Landes right man in 25th
The preternaturally bland Steve Landes views his political career as that of a slogger trudging through legislative thickets whittling away tax and regulatory weeds. Accountants and morticians are peppier. Regardless then of the results of next month’s election, Greg Marrow has accomplished something: The state House District 25 incumbent is riled and ready to rumble. This is Landes as few have seen him.
Marrow has spent most of the campaign attacking Landes’ record, specifically what the Democratic challenger considers the veteran Republican’s failure to circumvent a little thing known as the national recession. “What has Steve Landes done to help the economy in this district?” Marrow asked during an editorial board interview with The News Virginian.
Similar queries among a series of verbal roundhouses by Marrow elicited unusually spirited responses from Landes last month during The News Virginian’s debate at Kate Collins Middle School. At one point, Landes declared that, “frankly,” he was “P-Oed” by Marrow’s assaults. For those who know Landes, this qualifies as R-rated stuff. Cover your ears.
Tamer are the facts. State statistics show employment in the 25th District has increased by more than a fourth since Landes took office in 1996. Manufacturing has been hit by 30-percent job losses, mirroring a national trend. Monday brought more bad news for that sector: Mohawk Industries in Waynesboro will close by year’s end. Still, the numbers are brighter than the gloom Marrow projects.
And what, by the way, would he do to clear that gloom? He’d lure green jobs into the Shenandoah Valley waving federal stimulus money. Well, that’s worked well across the country, hasn’t it?
The divide between the candidates, Marrow says, is principally one of a different kind of energy, the internal stuff. Marrow says he has it and Landes lacks it. We suggest the split is philosophical. Landes falls in the traditional conservative camp that says removing tax and regulatory shackles from business is the clearest path to growth; Marrow falls, at least somewhat, in the traditional Democratic camp that sees government spending as part of a winning economic formula.
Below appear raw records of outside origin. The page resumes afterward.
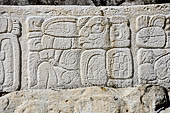 Palenque - The Palace. Patio of the Captives (Patio de los Cautivos), Text of Hieroglyphic on the Stairs of House C. Records K'inich Janaab Pakal birth and accession, and the sacrifice of a Calakmul vassal early in Palenque history. 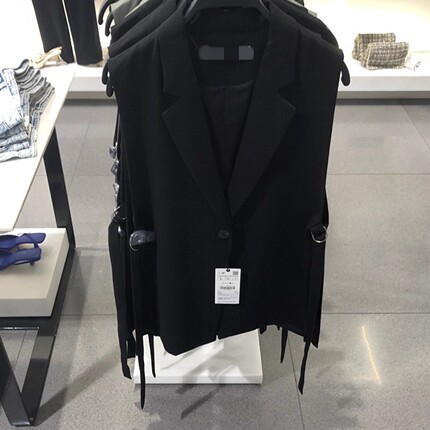 ZARLuvip查罗正品女装早秋新款V领西装背心外套马甲2158778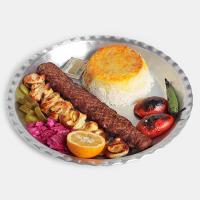 کته میکس کباب کاردی و جوجه حلزونی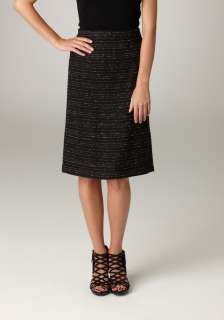 Exclusively Misook Womens Woven Skirt with Pleated Back Detail  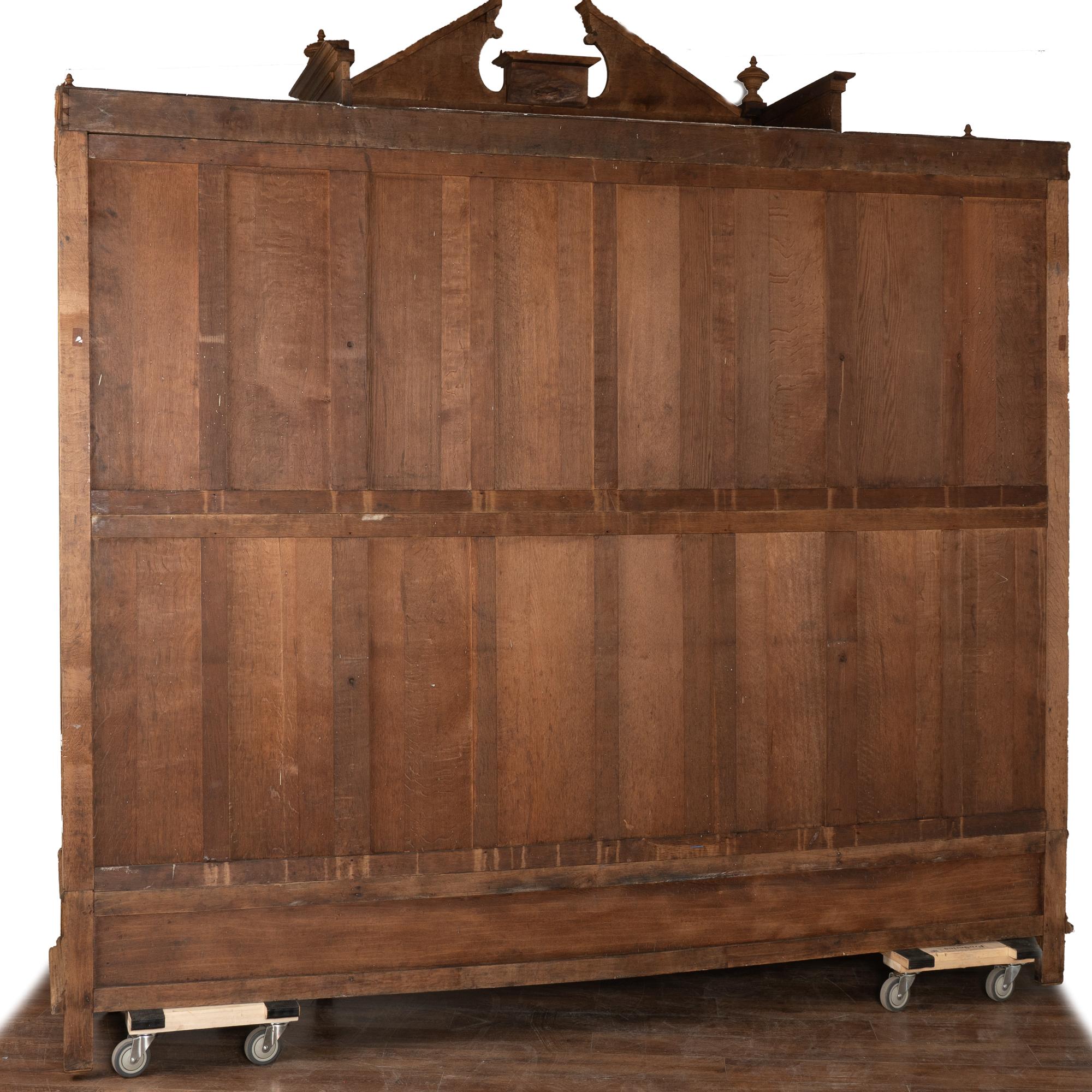 Grande mobile vetrina francese in Oak sbiancato Libreria, circa 1890 in vendita 7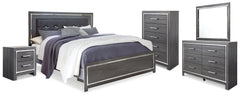 Diamond Furniture - Ashley Furniture - Lodanna King Upholstered Panel Bed, Dresser, Mirror, Chest and Nightstand - King Upholstered Panel Bed, Dresser, Mirror, Chest and Nightstand - B214B26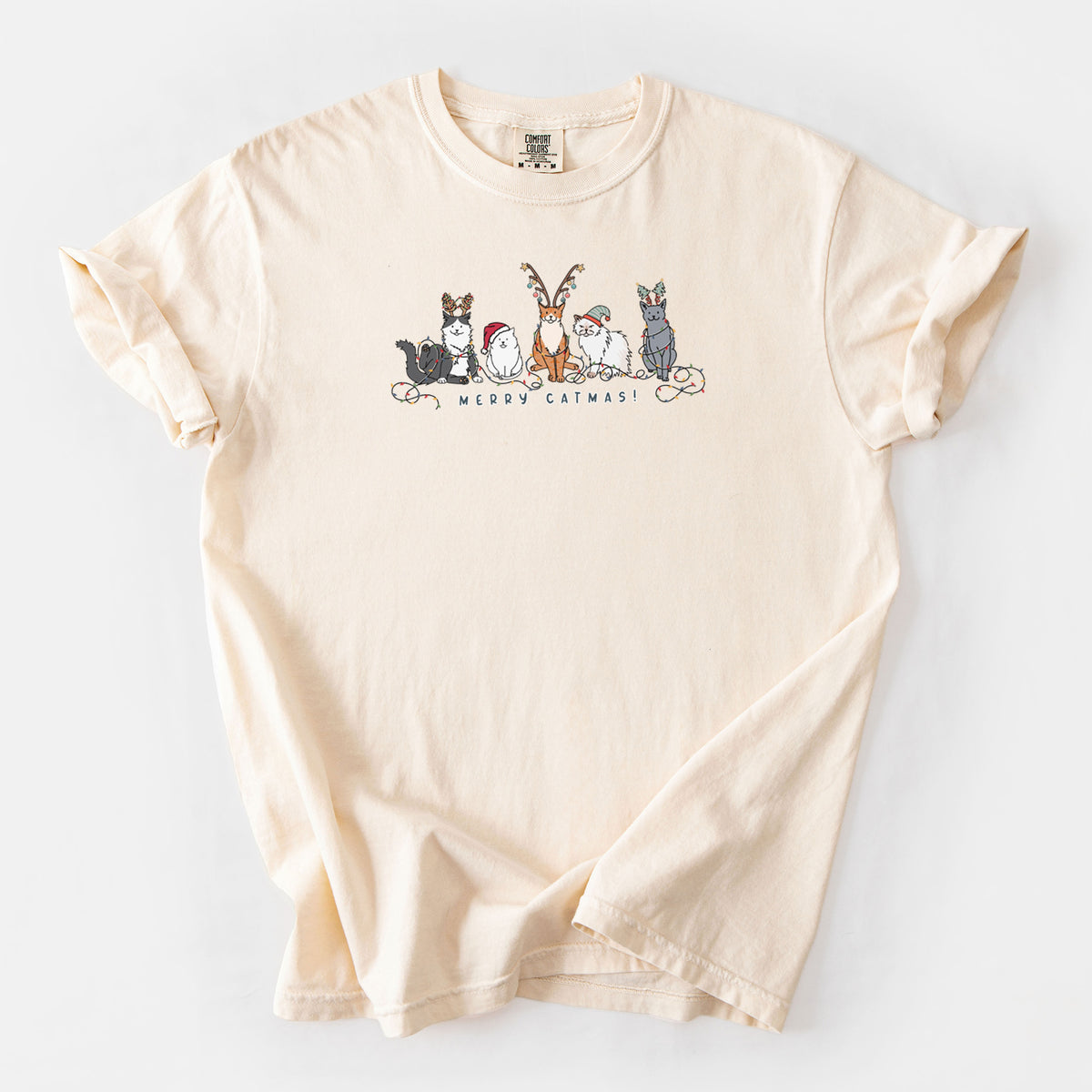 Merry Catmas - Unisex Comfort Colors Garment-Dyed Heavyweight T-shirt in Ivory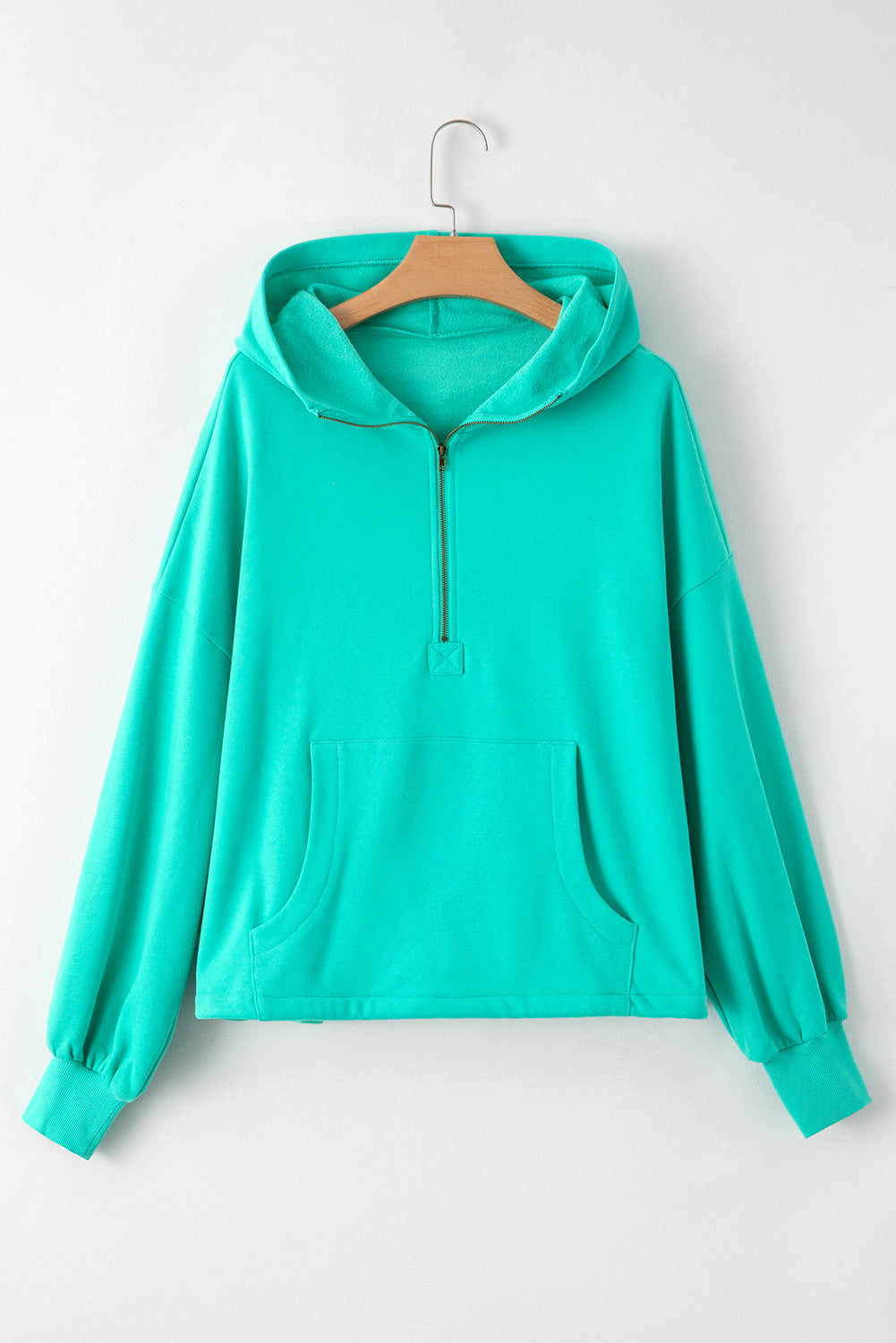 Bonbon Fleece Lined Half Zipper Kangaroo Pockets Loose Hoodie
Marrow insists he’s fiscally conservative, that he recognizes business not government creates jobs; his positions say otherwise. He would consider, for example, increasing the state’s corporate tax, a veritable poison for recovery.
Further, the arrows Marrow slings at Landes over the economy belie a misapprehension of a delegate’s limits. None can slip national economic realities. Marrow otherwise is a strong challenger; he’s intelligent, engaging and, yes, energetic. His day might someday come.
It is not now. Landes knows the job, has the proper focus, operates from sounder, clearer principles and is the best candidate to ready the region for the recovery we hope soon will come. And, no small thanks to Marrow, Landes is more invigorated than ever we’ve seen him. He’s our pick in the 25th.